Las dos aves, criadas en el estado de Minesota, se hospedan en el Hotel Willard Intercontinental, muy cerca de la residencia presidencial, donde el precio de las habitaciones cuesta entre 200 y 3.500 dólares la noche.

En la fotografía publicada por la Casa Blanca en Instagram, los pavos aparecen en una habitación doble, cada una sobre una cama de edredón blanco con dos cojines rojos, como si hubieran elegido lecho.La Federación Nacional del Pavo pagará la factura del hotel, según la residencia presidencial. Los nombres de los pavos y otros datos más serán revelados en la cuenta de Instagram de la Casa Blanca.

Trump perdonará la vida a los dos pavos este martes, cuando se divulgarán sus nombres, antes de la celebración de Día de Acción de Gracias el jueves.
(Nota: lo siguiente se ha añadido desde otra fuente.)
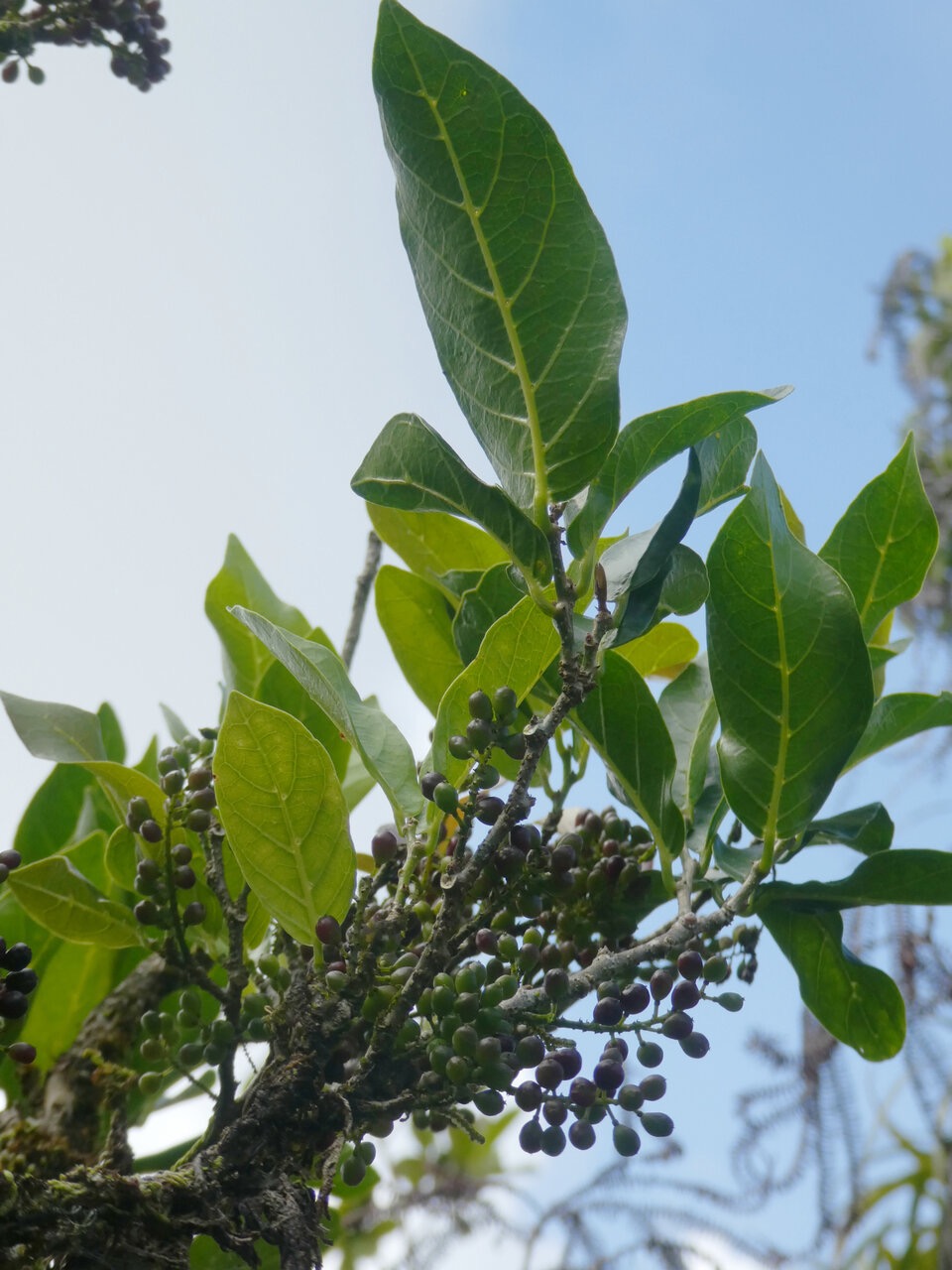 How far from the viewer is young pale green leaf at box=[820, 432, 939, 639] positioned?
3.18 feet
Esa ceremonia ilustra el papel central que el pavo tiene en la festividad de Acción de Gracias, cuando casi el 88 % de los estadounidenses come esa carne, según la Federación Nacional del Pavo.

El presidente Abraham Lincoln (1861-1865) estableció la festividad de "Thanksgiving" (Acción de Gracias) para conmemorar la celebración con la que los colonos británicos que llegaron al país a bordo del "Mayflower" en 1620 quisieron dar gracias a Dios por su buena cosecha después de un duro invierno.

En 1789, cuando George Washington fue designado primer presidente de Estados Unidos, eligió el 26 de noviembre como día oficial de Acción de Gracias, pero en 1863 Lincoln estableció como fecha oficial definitiva el último jueves de noviembre.

Desde entonces, se ha convertido en la fiesta más popular del año que comparten todos los estadounidenses, independientemente de cuál sea su religión.